DATA SUPPLIED:
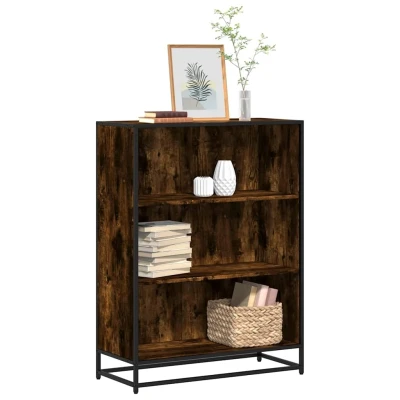 Afbeelding van vidaXL Boekenkast 80,5x35x107,5 cm bewerkt hout gerookt eikenkleurig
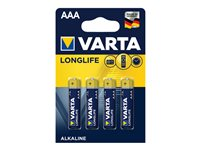 Varta Longlife Extra batteri - 4 x AAA / LR03 - alkaliskt 04103101414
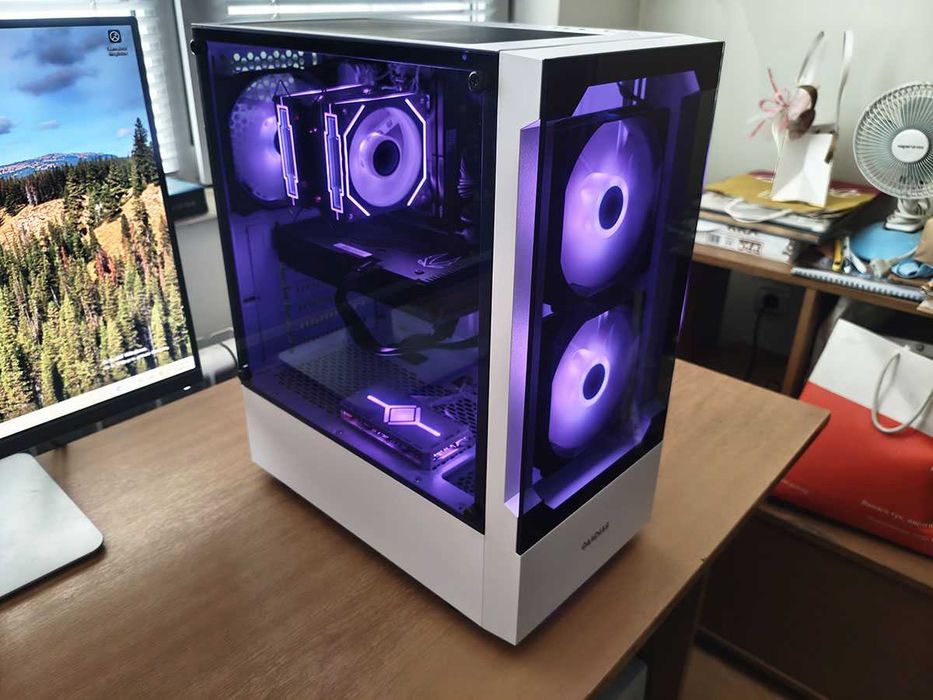 Геймърски компютър, Rtx 3060Ti, Ryzen 5500, 16gb Ram, 500Gb nvme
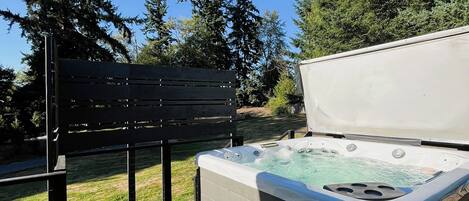 Bain à remous extérieur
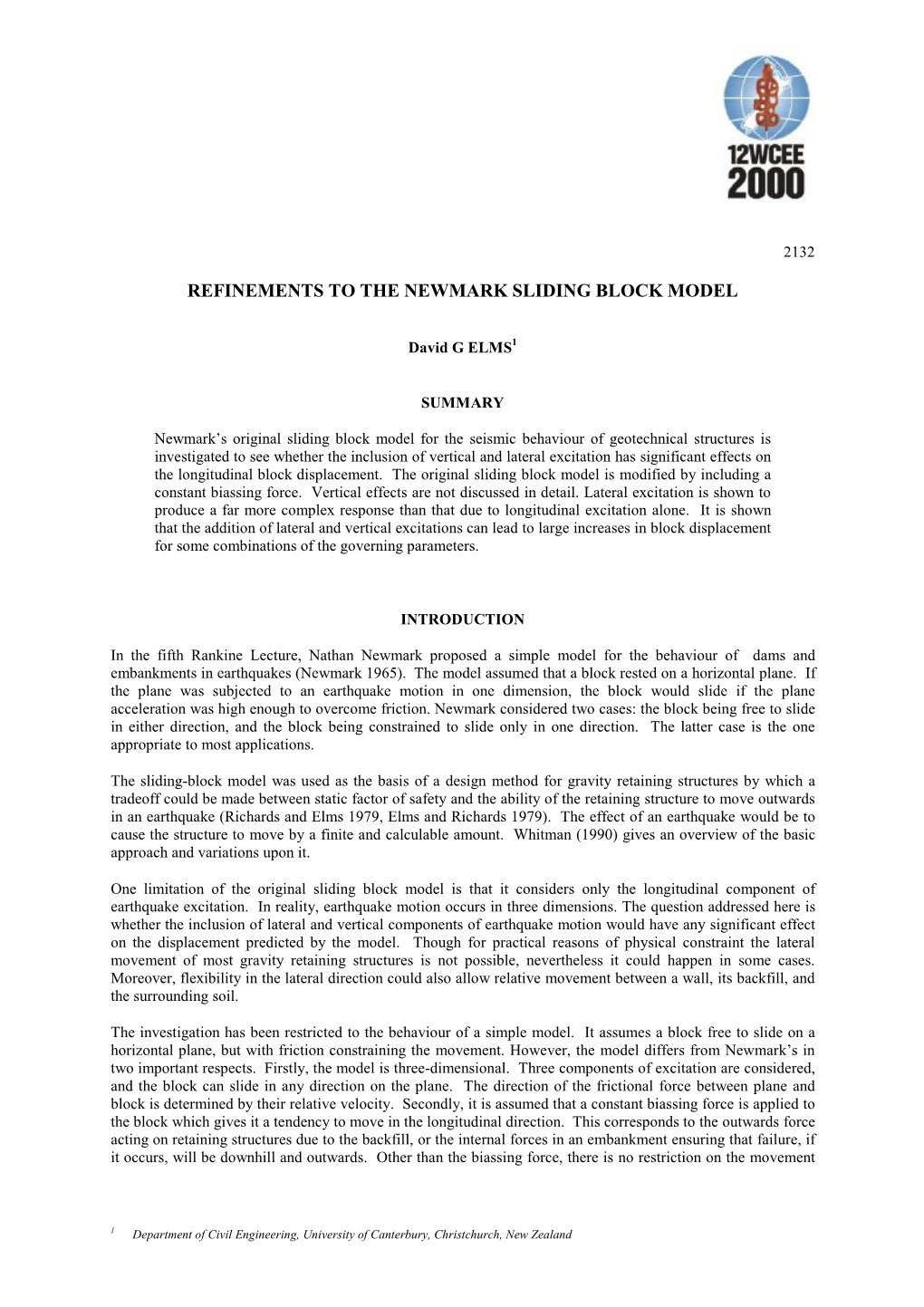 Refinements to the Newmark Sliding Block Model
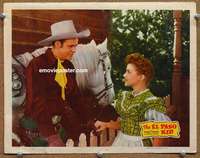 4b319 EL PASO KID movie lobby card '46 great image of cowboy Sunset Carson w/Marie Harmon!
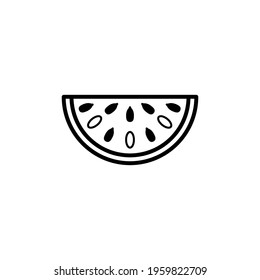 Watermelon Line Icon In A Simple Style. Vector sign in a simple style isolated on a white background.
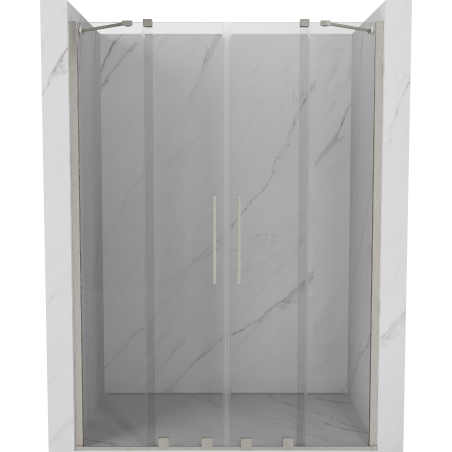 Mexen Velar Duo uși de duș glisante 150 cm, transparente, nichel periat - 871-150-000-02-97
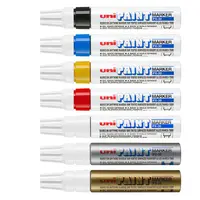 Marker cu vopsea 4-8.5mm, varf tesit, PX30, Uni-Ball Paint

WORK INSTRUCTION:
Reproduce exactly and only the lines from the line that contains "Refinements to the" to the end of the data above, both ends included. No pictures go in the copy.

FINISHED TASK:
 Refinements to the Newmark Sliding Block Model
 4b319 EL PASO KID movie lobby card '46 great image of cowboy Sunset Carson w/Marie Harmon!
 Watermelon Line Icon In A Simple Style. Vector sign in a simple style isolated on a white background.
 Mexen Velar Duo uși de duș glisante 150 cm, transparente, nichel periat - 871-150-000-02-97
 Marker cu vopsea 4-8.5mm, varf tesit, PX30, Uni-Ball Paint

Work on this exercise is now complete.